日 時:2022年2月27日(日)20時~21時35分
出演者:講師及び司会:岩﨑統子(CISV日本協会副会長)
ゲスト 講 師:今井重孝 (青山学院大学名誉教授・教育学博士)
インタビュー:Cathy Knoop (元CISV国際会長)
渥美伊都子(CISV日本協会名誉会長)
Village 参加者:米田至誠、山之内妙子、見明奈央子、越部真
ウェビナー実行委員会:宮崎隆久、米田真央、坂田綾
2022年2月27日に行われたCISV Journeyが終わって、20日が過ぎました。この原稿を書いている3月20日現在は、ロシアのウクライナ軍事侵攻は続いています。このメルマガが皆さんのお手元に届く時には、兵器や武器によらず、話し合いで紛争が終結していることを、現在以上に犠牲者の数が増えていないことを心から願っております。

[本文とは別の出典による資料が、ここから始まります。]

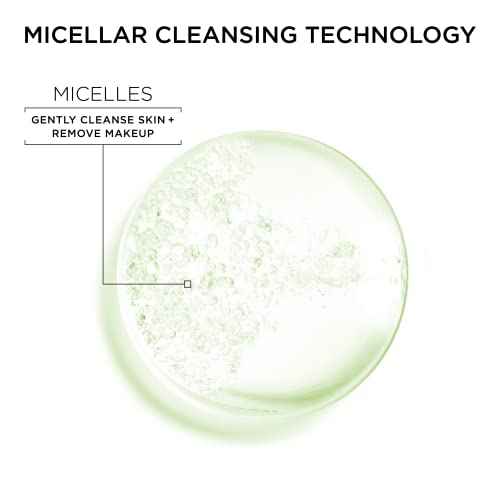 Garnier Micellar Water for Oily Skin, Facial Cleanser & Makeup Remover, Mattifying, For All Skin Types, Vegan, Cruelty Free, 13.5 Fl Oz (400mL), 1 Count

第1回ウェビナーの参加者、見逃し配信で視聴した方々は、1957年に日本でCISVが創立され、1958年のビレッジ初参加に始まり、1962年の第一回ビレッジ日本初開催にいたった経緯を覚えておられることでしょう。初代会長の桑野達平先生、初期の参加児童の保護者の皆様が、ドリス・アレン博士の「戦争がない平和な世界の構築」の理念に共鳴して、日本で活動を始めて、65年経過しました。そしてこの間、CISVにボランティアとして多くの方々が参加して、日本での活動が続いているのは、ご存知の通りです。
今回最終回のウェビナーは、まずドリス・アレン博士のCISV構築の原点を、ご誕生の1901年から、第2次世界大戦終結の1945年の44年間をたどり、次に1946年から1950年までのCISV創立と1951年第一回アメリカ・シンシナティーでのビレッジ開催までの経緯をまとめました。
原稿を書くにあたり、いろいろ調べていくうちに、私にとっては初めて目にする情報がいくつかありました。そのうちの一つは、アレン先生が1931年から32年まで心理学の研鑽を深めるため滞在したドイツでは、ユダヤ系ドイツ人心理学者のもとで過ごしたことです。ご自身がCISV国際創立25周年の寄稿文に、「CISVは、第2次世界大戦の惨禍、なかでも ある人種の人々が拷問を受け、600万人以上が命を落としたことにショックを受けて、私が起こした行動だった。」(CISV was my respond to the shock of World War II, the shock of the torture and extermination of over 6 million persons who happened to be of a particular variety of humans.)と書かれています。あくまで私の推察になりますが、この文脈の根底には、ナチスの人種偏見による迫害を、ドイツ滞在中ご自身が、身近で目撃した経験も、心のどこかにあったに違いないということです。平和構築の理念の基、プロジェクト実現に向けてどのような努力を重ねられたかは、ぜひ「見逃し配信」でご視聴ください。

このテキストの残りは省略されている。